I'm working on a solution for a paper roll winding application. As the roll turns, which is powered by a stepper motor, the paper is pulled onto the roll. As the roll is turning, the diameter is constantly changing.
The current setup is a stepper motor driving the roll, and a rotary encoder that rides directly on the roll, pivoting out as the roll diameter increases. I've previously tried using a PID control (specifically PI) and the output is not very stable, especially at higher speeds. The minimum linear velocity of the system is 5 in/min, with a maximum velocity of 100 in/min.

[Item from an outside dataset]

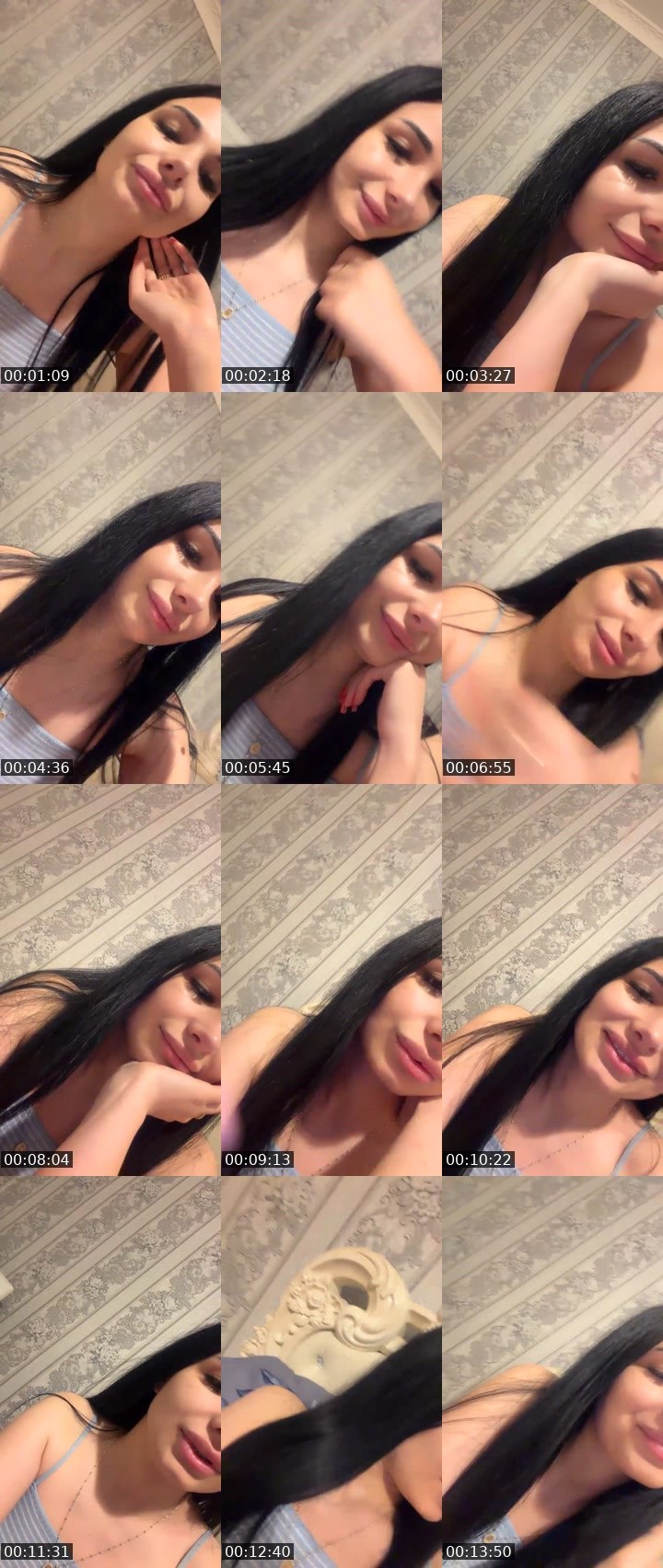 Contact-sheet preview of Miliii💕💕's Liveme recording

I've been working on an idea where the rotary encoder could be used to measure the current diameter of the roll, and then that data could be used to predict the future diameter (linearly extrapolated) based on the current line speed setpoint. I've equated that a change of 1 pulse/min from the encoder signifies .006" of accumulated roll diameter by using simple gear train calculations. The pulses could be measured at 5 sec intervals in order to collect enough data to "filter" any noise (errant pulse) that had been picked up. With a previous pulse/5 sec event along with the current pulse/5 sec event, a predicted pulse/5sec event could be generated, and then used to calculate the predicated roll diameter. This predicated roll diameter would then be used to find the required RPM of the roll based on a line speed setpoint in inches/minute (user defined). This required RPM could then be used to calculate the number of steps/min required of the stepper motor. From there, the required steps/min would be compared to the current steps/min that has been tracked in the program, and the step delay adjusted accordingly to meet the next steps/min.
I've attached a spreadsheet which shows the calculations that I've worked up. I'm thinking this control scenario would work, but would appreciate input to the contrary, as well as other ways of tackling this problem.